(Scraped caption text data)
=== Begin Enclosure ===

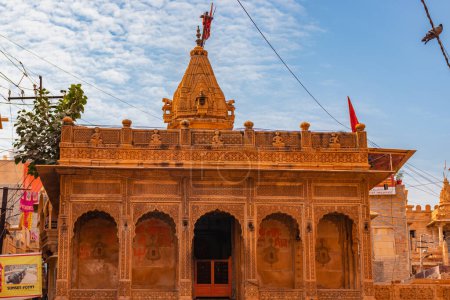 Photo for Heritage jaisalmer fort temple vintage architecture from different angle at day - Royalty Free Image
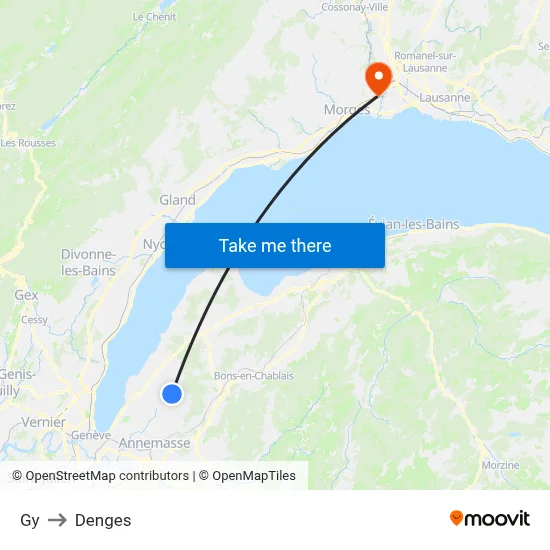 Gy to Denges map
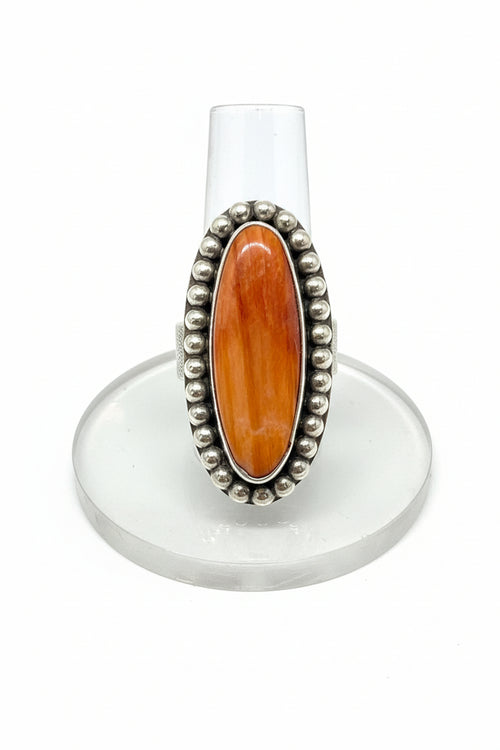 Sterling Silver Spiny Oyster Navajo Made Vintage Ring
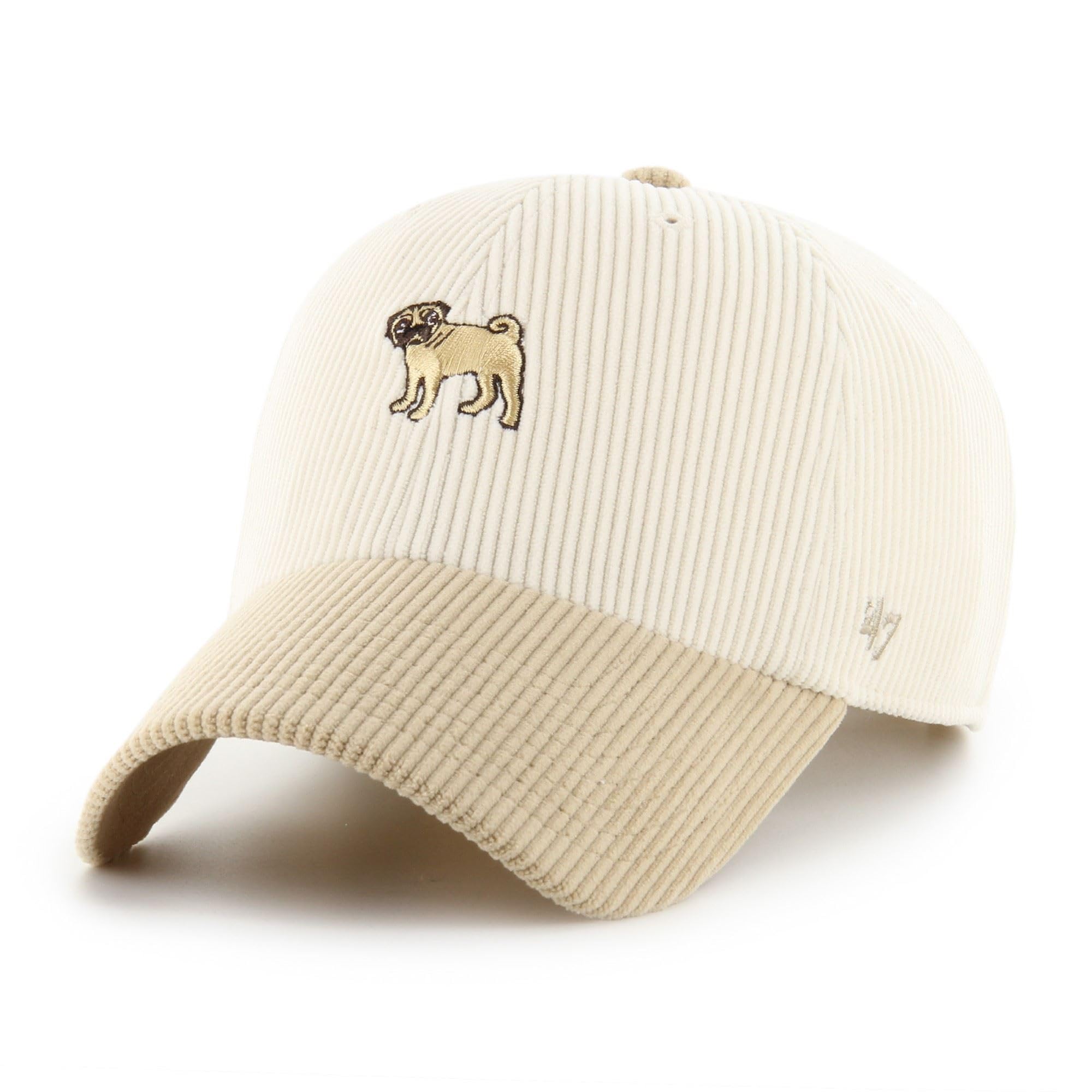 47 Pug Clean Up Corduroy Baserunner Dog Icon Lighbeige Beige Adjustable Cap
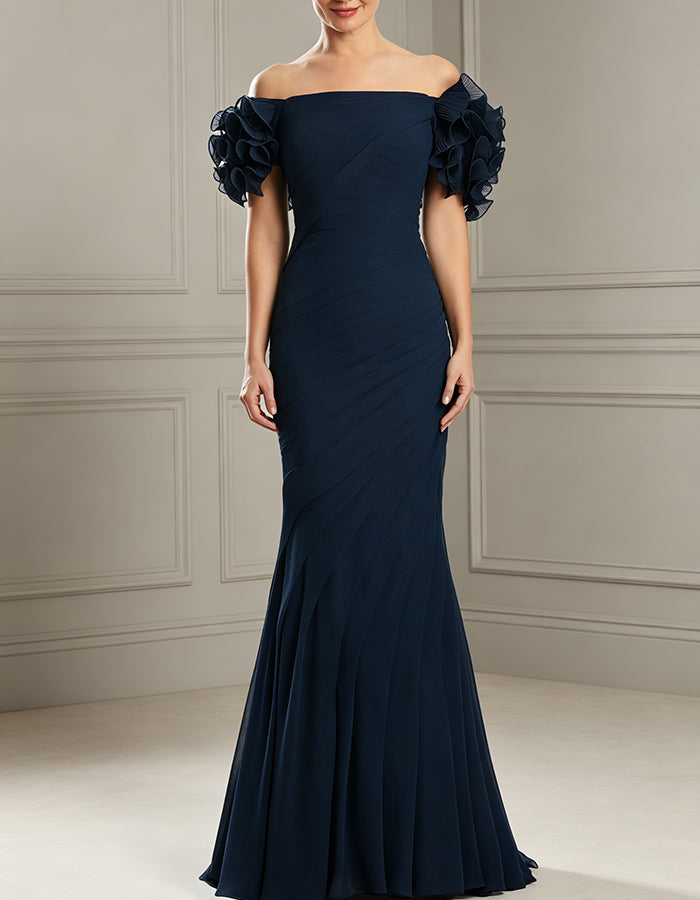 Vestido maxi justo em chiffon com mangas com folhos e franzido diagonal  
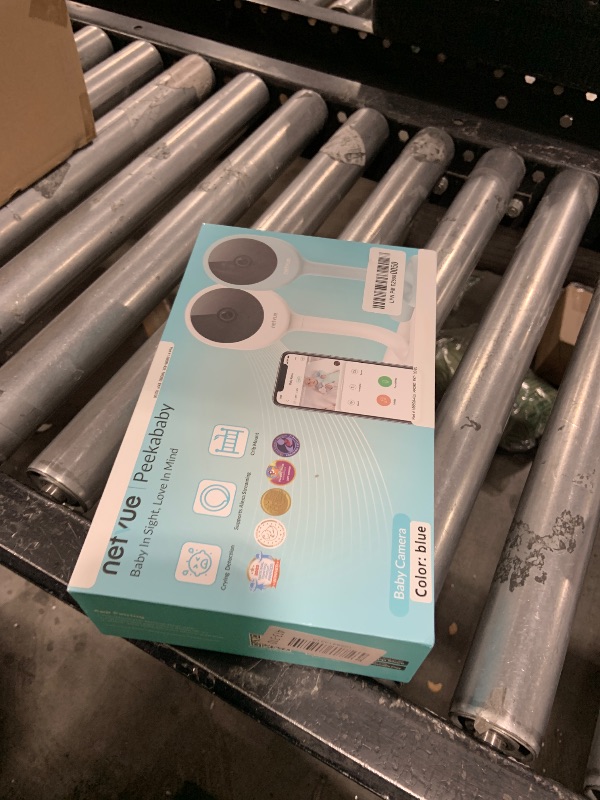Photo 1 of NETVUE Peekababy Baby Camera with Wireless Audio, Adjustable Crib Mount Monitor, Works via 2.4GHz Wi-Fi for Wide Coverage & Stable Connection, Smart App, Two-Way Talk (Blue)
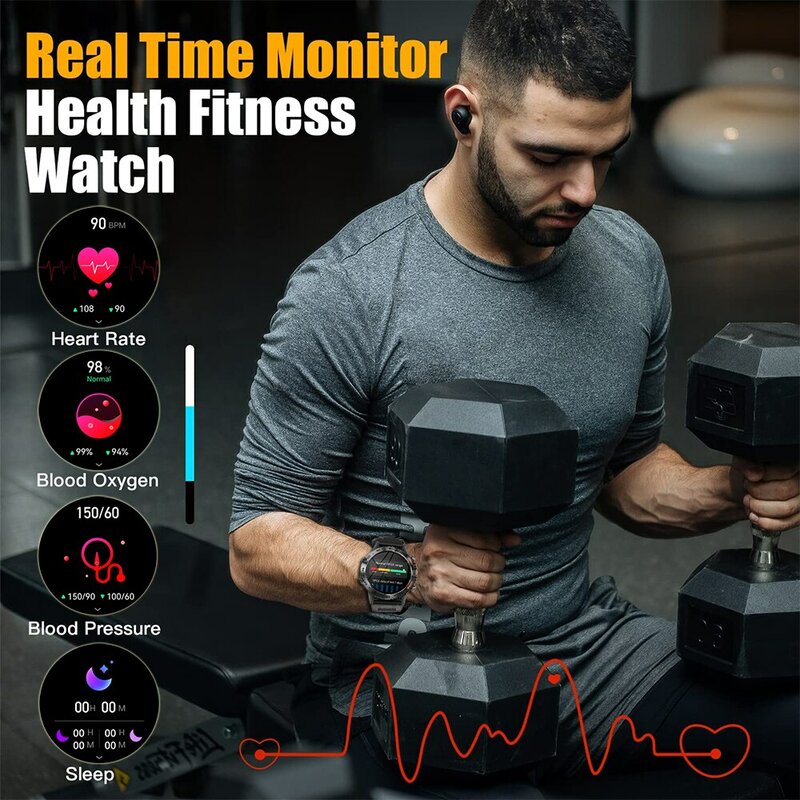 MELANDA-reloj inteligente de acero para hombre, accesorio de pulsera resistente al agua IP67 con llamadas, Bluetooth, seguimiento de actividad deportiva, compatible con Android e IOS, K52, 1,39 pulgadas
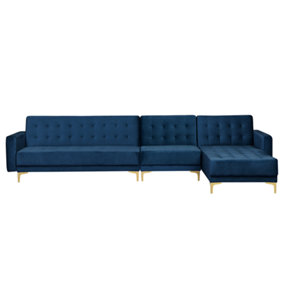Left Hand Modular Velvet Sofa Navy Blue ABERDEEN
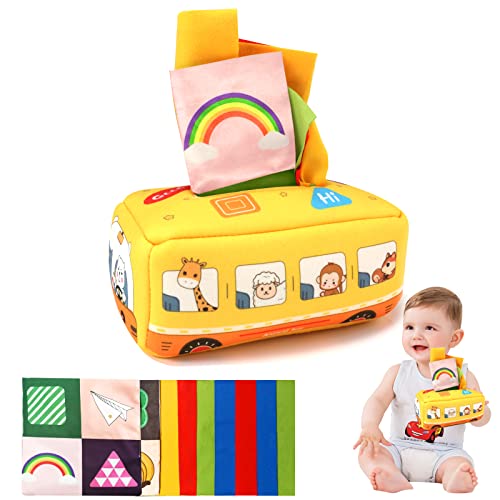 Image of Montessori Sensory Tissue Box Toys: Baby Soft Crinkle Car Seat Toy 6-12 9-12 Months 4 7 8 Newborn Learning Infant 0-6 3-6 Developmental Magic Tissue Pulling 1 Year Old Girl Boy Travel Birthday Gifts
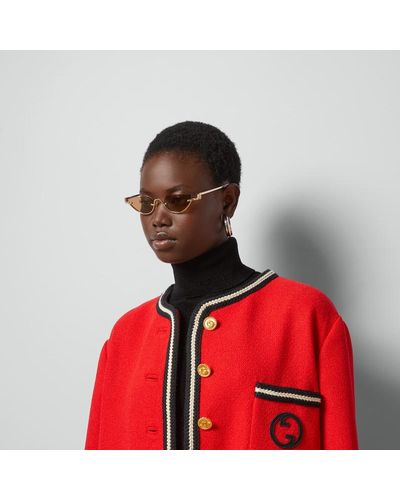 Gucci Cat-eye Frame Sunglasses - Red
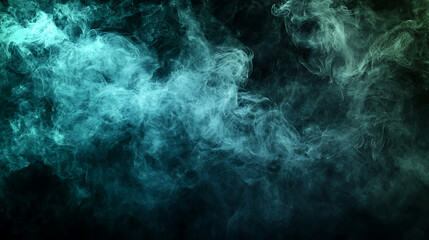 Abstract swirling teal and green smoke cloud texture with artistic motion and atmospheric depth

=== End Enclosure ===

Exercise instructions »
Using the records above, print exactly the run of lines that starts with the line with "Vestido maxi justo" and goes on through the line with "Left Hand Modular", pictures excluded.

Answer below »
 Vestido maxi justo em chiffon com mangas com folhos e franzido diagonal  
Photo 1 of NETVUE Peekababy Baby Camera with Wireless Audio, Adjustable Crib Mount Monitor, Works via 2.4GHz Wi-Fi for Wide Coverage & Stable Connection, Smart App, Two-Way Talk (Blue)
 MELANDA-reloj inteligente de acero para hombre, accesorio de pulsera resistente al agua IP67 con llamadas, Bluetooth, seguimiento de actividad deportiva, compatible con Android e IOS, K52, 1,39 pulgadas
Left Hand Modular Velvet Sofa Navy Blue ABERDEEN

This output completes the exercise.